Шрифт:
Интервал:
Закладка:
– Когда же это происходит?
– В 20-м веке. Это разложение мелкобуржуазной семьи.
– Аа! Так это нельзя будет сейчас напечатать.
– Почему?
– Потому что сию секунду возможны только военные темы.
– Нет, это однодневки. Да я сию секунду и не собираюсь печатать. Пока я еще кончу. Я пока что читала в совершенно черновом виде некоторым товарищам, и они мне сделали большой комплимент. Они сказали, что в этом есть один большой недостаток – что это не написано. Главное, времени нет. Мне бы сейчас попасть в условия подмосковного дома отдыха, чтоб никаких забот, ни о чем не думать. Так хочется писать и писать. И так легко идет. Я бы кончила в месяц. А здесь у меня очерки, и инсценировка для театра у микрофона. Страшно торопят. И все-таки эти домашние дела. Ну, это все мы так. Это не оригинально. (В этот момент она гордится тем, что «со всеми сообща» несет общественное бремя.)
– Ну, сейчас, кажется, как будто начинает брезжить конец.
– Дай бог.
– И хороший конец. Но, конечно, это, во-первых, может быть, будет не скоро; во-вторых, до этого можно не дожить, с таким же успехом.
– С таким же успехом! Например, сейчас здесь на повороте, от первого снаряда. Но на это я совершенно не реагирую. Я вообще считаю, что все мы все время не так реагировали.
– На все не нареагируешься.
– Совершенно верно. Знаете, когда мне говорят, что на днях на Финляндском вокзале летели руки и ноги и пять вагонов в лепешку – я говорю: Что вы! – собственно по инерции. До меня это не доходит. Очевидно, мозг выработал какую-то такую заслонку. У меня погибла мать, у меня погибла дочь, но я знаю, что я это еще не поняла по-настоящему. Для себя же лично я совершенно не реагирую. Какие бы ни были тревоги, обстрелы, бомбы, – я раздеваюсь вся, обтираюсь холодной водой и сплю. Я хожу по улицам. Вот только теперь мне это мешает, потому что не пропускают. У меня разбивается день. А так мне это все равно, настолько я глубокий фаталист.
– При этом вы любите жизнь.
– Я? Обожаю! Притом я люблю жизнь во всех ее проявлениях. Я не из тех людей, которые, когда у них болен ребенок, говорят, если мой ребенок выздоровеет, то я верю в бога… Я всегда все любила в жизни, не только кататься на автомобилях. Я прожила два очень трудных года. Но я из них не отдам ни одного дня. В каждом положении есть что-то хорошее, если уметь его найти.
– Ну, если человеку оторвет руки и ноги, то уж хорошего остается мало.
– Отчего? Он еще видит, слышит. Может думать. Если ничего не останется, человек еще просто может себя ощущать. Я всегда говорила, что я бы забрала у всех самоубийц все остающееся им время.
– И эту-то жизнь вы не боитесь потерять?
– Так ведь тут я уверена, что это меня не касается. Буду ли я ближе к снаряду или дальше от снаряда, это ничего не меняет. Что я когда-нибудь умру – это я всегда знала и знаю теперь; когда именно я умру – этого я никогда не знала, и не знаю теперь. Что же изменилось…
– Конечно. Только чрезвычайно повысились шансы умереть.

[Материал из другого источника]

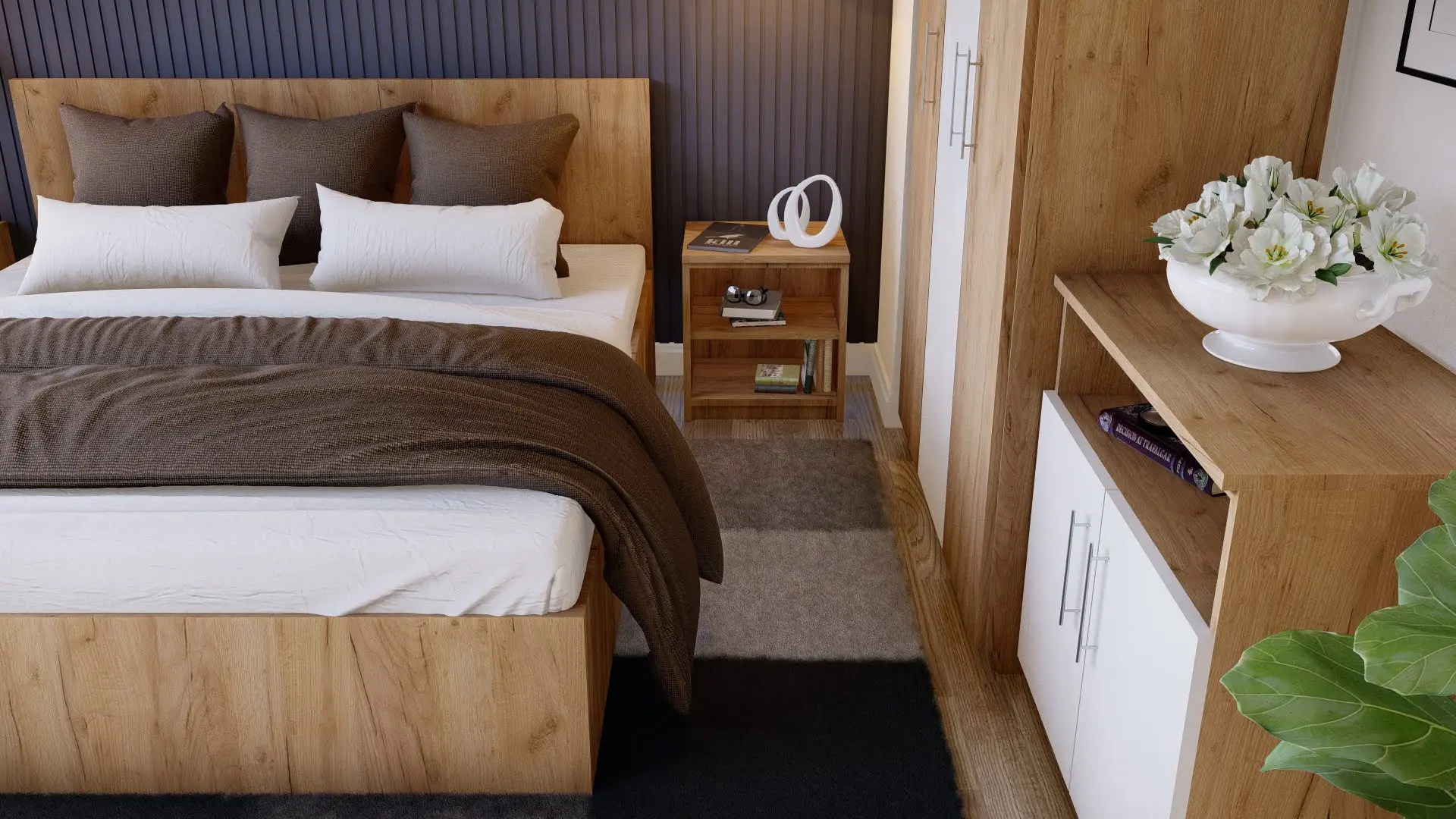 Dormitor Ideal Mobila Aura (Sonoma Oak/White) - 6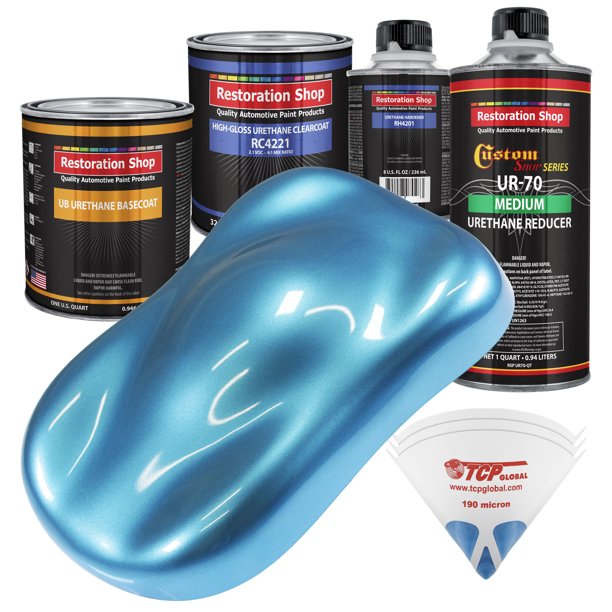 Electric Blue Metallic Quart URETHANE BASECOAT CLEARCOAT Car Auto Body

– А вот это для меня не существует. Я же вам говорю – я действительно фаталистка. У меня на столе лежат шесть осколков, которые падали рядом, вот так, так и так… Но все-таки они падали рядом, а не в меня. Так какое мне дело (не было бы дела, не держала бы их на столе). Я на днях шла с композитором Б. Он мне показывает вдруг с краю тучи. Я ему говорю – ты бы лучше посмотрел, какое чудесное голубое небо. Он говорит – но тучи явно наползают. Я ему говорю – так вот, когда они наползут, тогда будешь огорчаться. Успеешь. Вот вам два характера. Моя приятельница при первой тревоге начинает с ума сходить. Начинается крик – Что ты делаешь? Отойди хоть от окна! А я читаю и даже не слышу, что происходит. Она говорит – может оторвать ногу. А я говорю – но ведь еще не оторвало, зачем же огорчаться заранее.
(Вот это оно и есть. Нежелание огорчаться. Воля к жизни, которая не хочет и не позволяет, чтобы ей мешали. А над этим надстраивается лишенная содержания формула фатализма, нужная для придания своим переживаниям многозначительности.)
– А как супруг поживает. Бывает он дома?
– Он в «На страже». Только что мы с ним вместе получали паек.
– Он что же – тоже оптимист или, как все юмористы, – меланхолик?
– Он? Он оголтелый оптимист и лирик, только он это скрывает.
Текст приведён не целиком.